Some perspective to this DIY storage server mentioned at Storagemojo

I’ve received yesterday some mails/tweets with hints to a “Thumper for poor” DIY chassis. Those mails asked me for an opinion towards this piece of hardware and if it’s a competition to our X4500/X4540. Those questions arised after Robin Harris wrote his article “Cloud storage for $100 a terabyte”, which referred to the company Backblaze, which constructed a storage server on its own and described it on their blog in the article “Petabytes on a budget: How to build cheap cloud storage”. Sorry, that this article took so long and there may be a higher rate of typos, as my sinusitis came back with a vengeance … right in the second week of my vacation. But now this rather long article is ready :)

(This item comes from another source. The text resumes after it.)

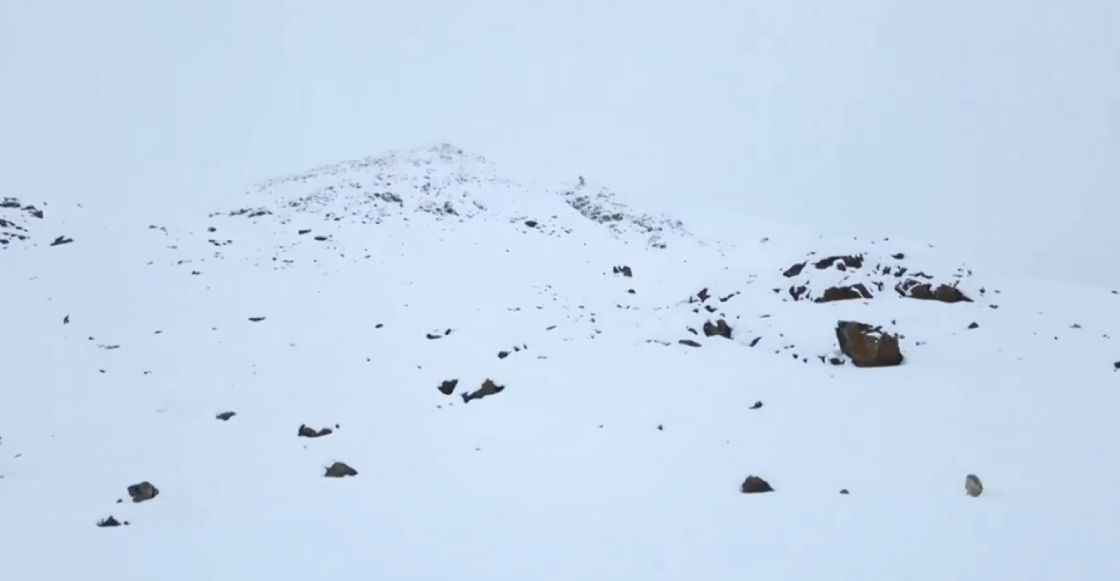 cientos-personas-atrapadas-monte-everest-tormenta-nieve-1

At first: No, it isn’t a system comparable to an X4540 … even without the considerations of DIY versus Tier-1 vendor. I have a rather long opinion about it, but let’s say one thing at first: I see several problems, but i think it fits their need, so it’s an optimal design for them and they designed it to be the optimum for them. I assume, many problems are addressed in the application logic. The nice thing at custom-build is the fact, that you can build a system exactly for your needs. And the Backblaze system is a system reduced to the minimum. This device is that cheap because it cuts several corners. That’s okay for them. But for general purpose this creates problems. I want to share my concerns just to show you, that you can’t compare this to a X4540 device. And even more important: I have to deny the conclusions of the Backblaze people. This isn’t a good design, even when you just need cheap storage, when you don’t own a middleware that does a lot of stuff that ZFS would do in the filesystem for example in the hardware. On the other side it supports my arguments in regard of the waning importance of RAID controllers. The more intelligent your application is, the less intelligent your storage needs to be. So … what are my objections to this DIY device:

  • The DIY Thumper has no power-distribution grid. So when one PSU fails, all devices connected at this power supply will fail. In the case PSU2 fails, the system board is away, thus the machine fails. Game over ... until power comes back.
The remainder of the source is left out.